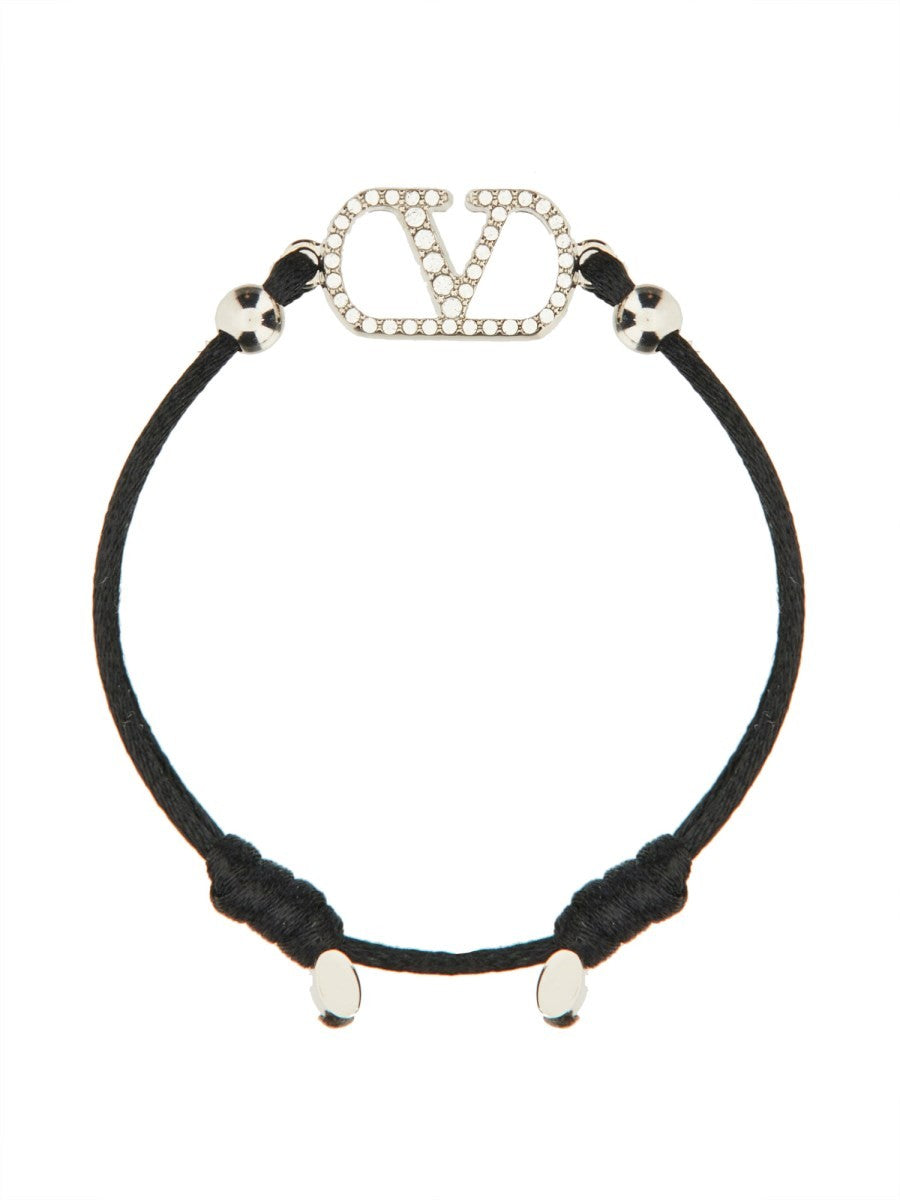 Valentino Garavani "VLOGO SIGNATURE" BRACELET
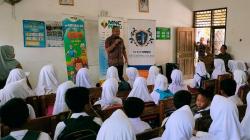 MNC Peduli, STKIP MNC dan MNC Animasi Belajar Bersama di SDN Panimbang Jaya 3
--
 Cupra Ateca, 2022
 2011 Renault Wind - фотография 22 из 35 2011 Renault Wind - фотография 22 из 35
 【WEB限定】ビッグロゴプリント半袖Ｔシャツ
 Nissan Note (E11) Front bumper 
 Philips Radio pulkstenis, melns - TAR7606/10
---
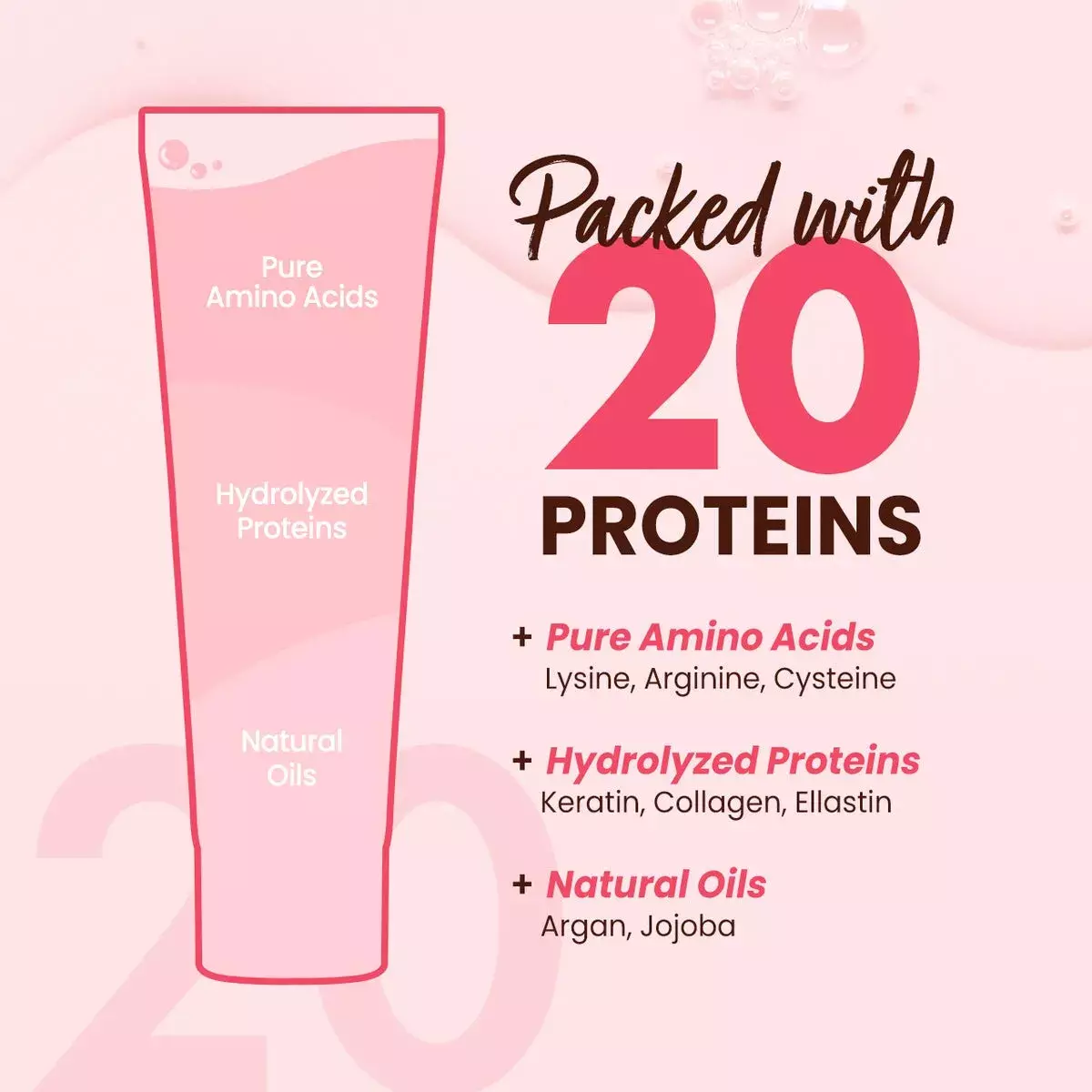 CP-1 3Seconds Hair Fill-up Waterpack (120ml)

• ACTION ITEM: From the records above, copy out the line with "Nissan Note (E11) Front bumper", the line with "Philips Radio pulkstenis, melns - TAR7606/10", and every line between them, word for word.

• ANSWER SPACE:
 Nissan Note (E11) Front bumper 
 Philips Radio pulkstenis, melns - TAR7606/10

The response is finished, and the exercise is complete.